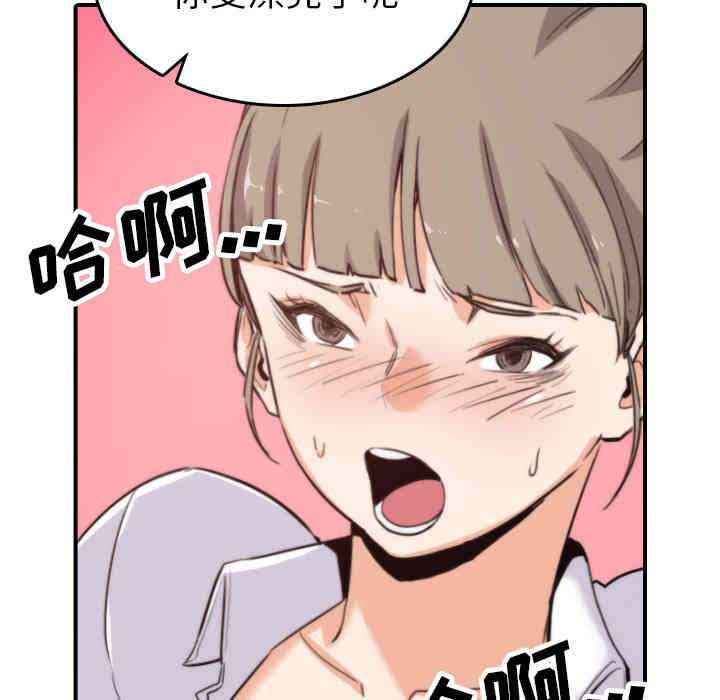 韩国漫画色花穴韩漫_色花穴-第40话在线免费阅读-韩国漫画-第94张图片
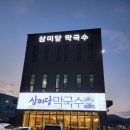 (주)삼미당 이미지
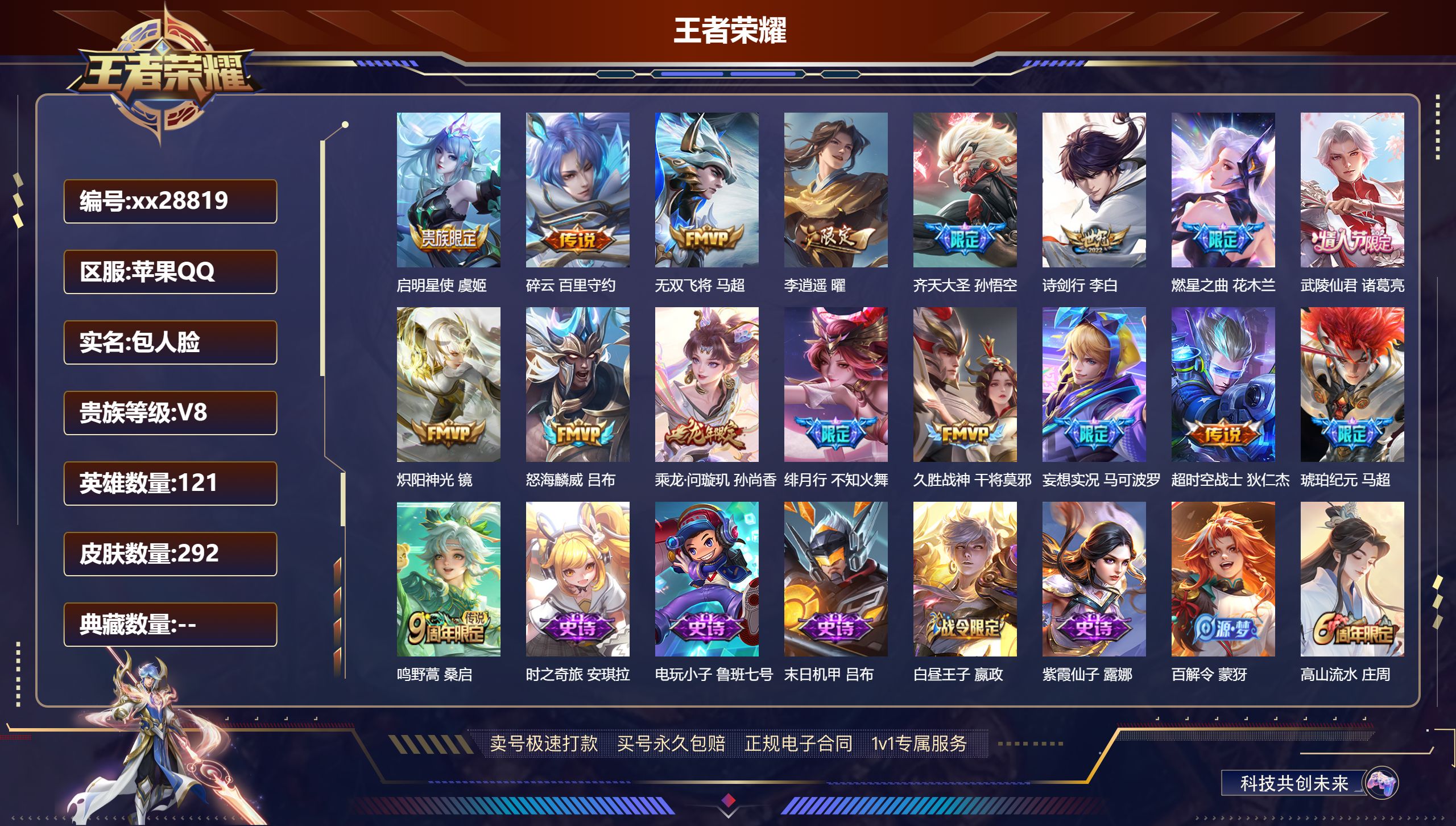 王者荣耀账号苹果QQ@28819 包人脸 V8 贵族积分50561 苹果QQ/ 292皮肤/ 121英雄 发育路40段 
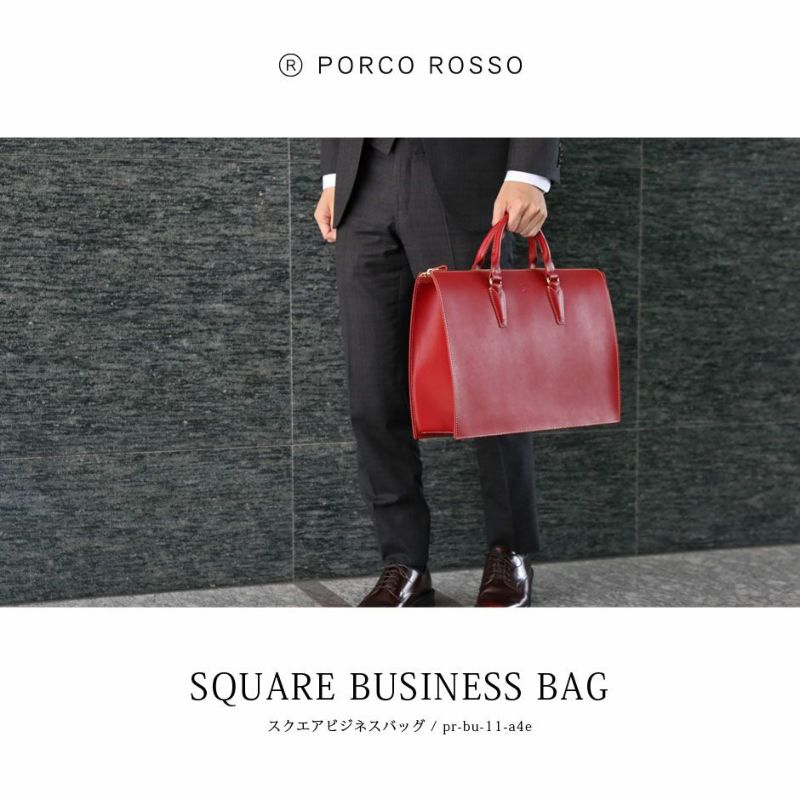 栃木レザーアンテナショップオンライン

******

What you are asked to do
Repeat the material verbatim but without any of its pictures.

Response area
 韩国漫画色花穴韩漫_色花穴-第40话在线免费阅读-韩国漫画-第94张图片
 (주)삼미당 이미지
 王者荣耀账号苹果QQ@28819 包人脸 V8 贵族积分50561 苹果QQ/ 292皮肤/ 121英雄 发育路40段 
 栃木レザーアンテナショップオンライン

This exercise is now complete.